Friday, March 29, 2013

Determination, persistence, Tennessee Williams, and a stuck kitchen drawer


Dusty, cramped, and with an unutterable sense of triumph, I crawled out of the cabinet.

Rick said it couldn’t be done. And when it comes to questions of mechanical engineering – or really anything related to spatial relations, hardware, or infrastructure – I defer to his expertise. That’s the kind of stuff he knows. And I don’t.

But in this case, I couldn’t accept the idea that a drawer in our kitchen could never be opened again. 

Four days earlier, I’d unloaded the dishwasher and filled that particular drawer with its customary inventory of square baking pans, cake pans, loaf pans, and pie plates.

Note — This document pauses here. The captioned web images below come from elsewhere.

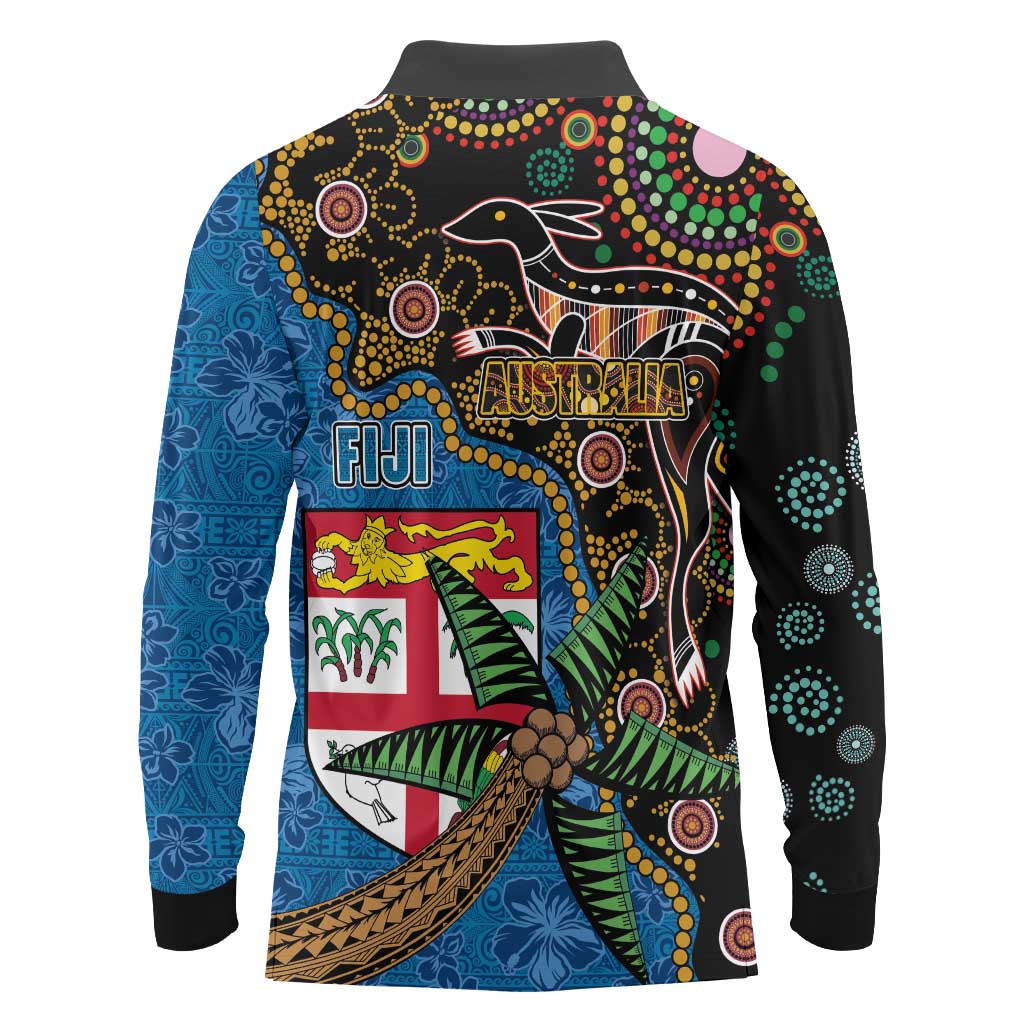 Fijian and Australian Culture Together Long Sleeve Polo Shirt Aboriginal Art and Tapa Motifs with Kangaroo and Palm Tree - Polynesian Pride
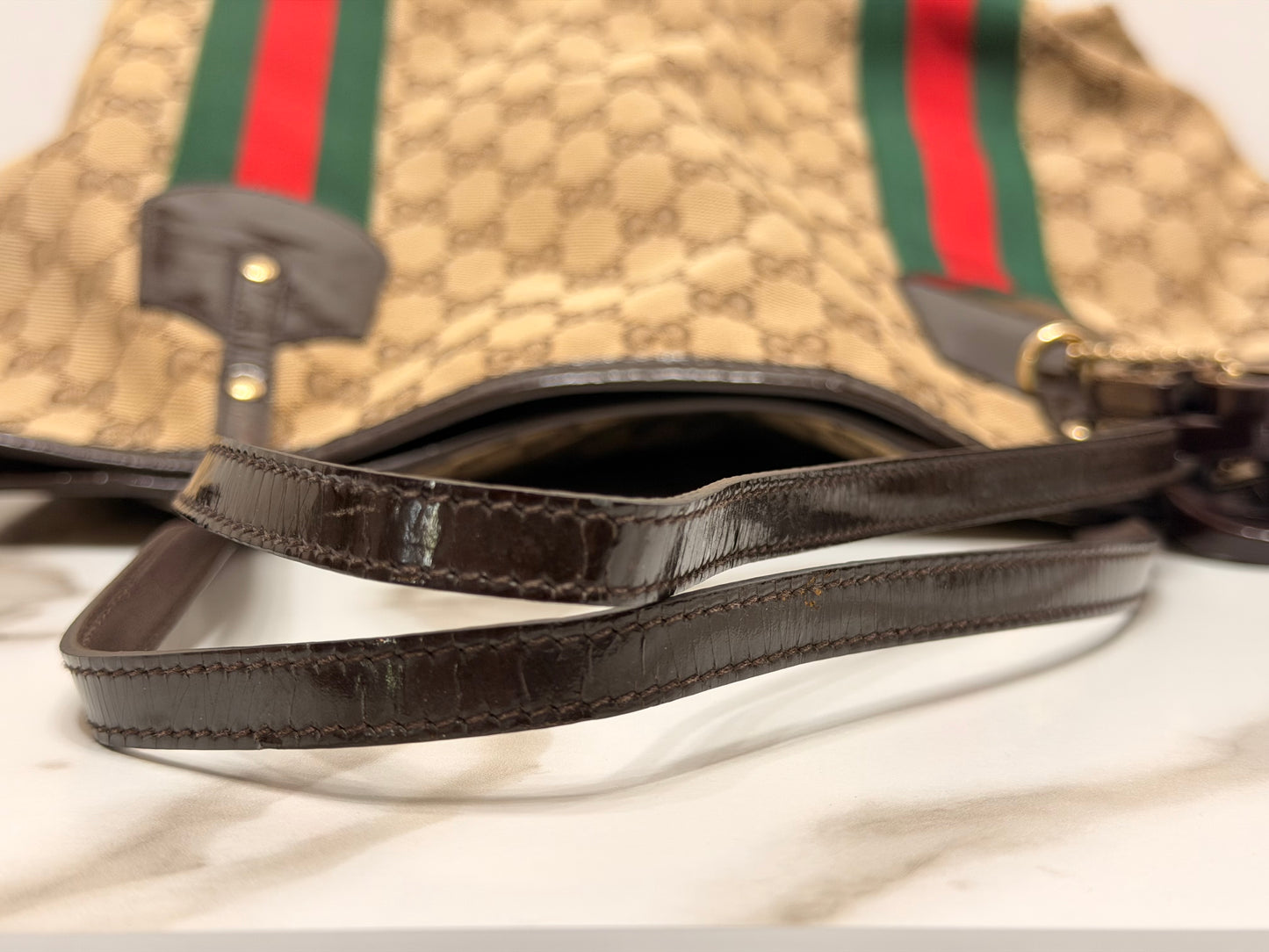 Gucci GG Canvas Web Jolie Tote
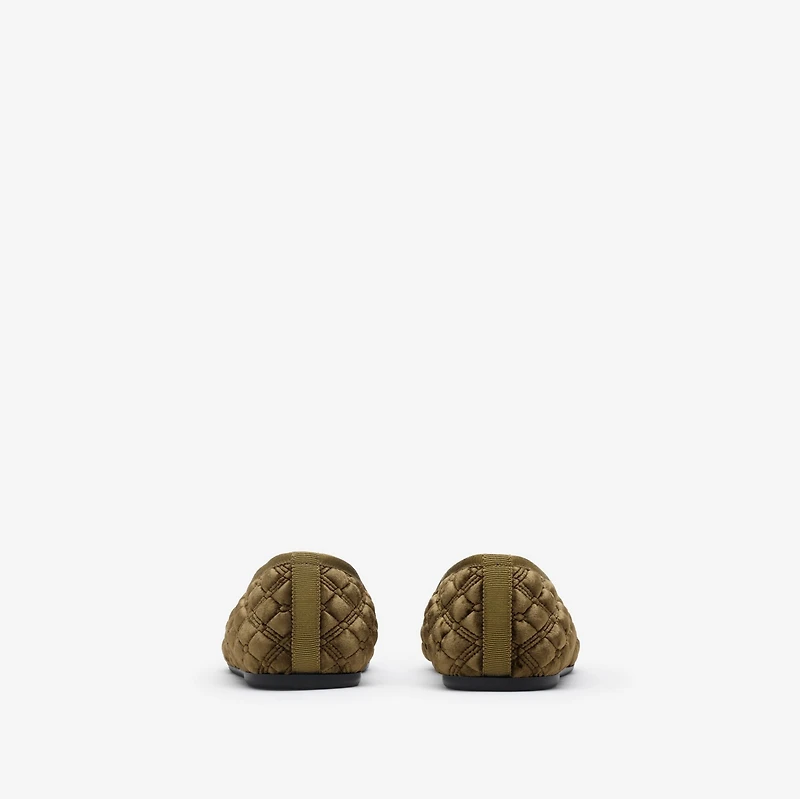 Quilted Velvet Estate Slippers​ in Linden beige - Women | Burberry® Official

Yes, it was fairly full, but not overly stuffed. There was a place for everything and it all fit together efficiently, if a little bit snugly.

At least that’s what I thought until I closed the drawer. Somehow, and I still can’t explain quite how, when the drawer closed, it knocked a cake pan off-kilter. The edge of the cake pan wedged against the inside of the drawer, making the drawer impossible to open more than a fraction of an inch.

And it did seem to be an intractable problem. Even though we could still open the drawer a fraction of an inch,  just wide enough to fit in an implement like a spatula or a butter knife, there was no place for any of the items to go. Nothing would budge. Especially not the item wedged against the edge of the drawer, keeping it from opening.

The situation bothered me in part because it made me feel like a character in a Tennessee Williams play. Kitchen Drawer Forever Stuck Shut, no matter how often family members yank at it and curse it, its contents forever denied to even the owners of those very same contents. Along with the paper lantern over the bare lightbulb in Streetcar Named Desire and the fragile figurine in Glass Menagerie, the broken drawer just seemed to be shouting its symbolism. This family has a drawer that won’t open! What do you suppose that might mean about them?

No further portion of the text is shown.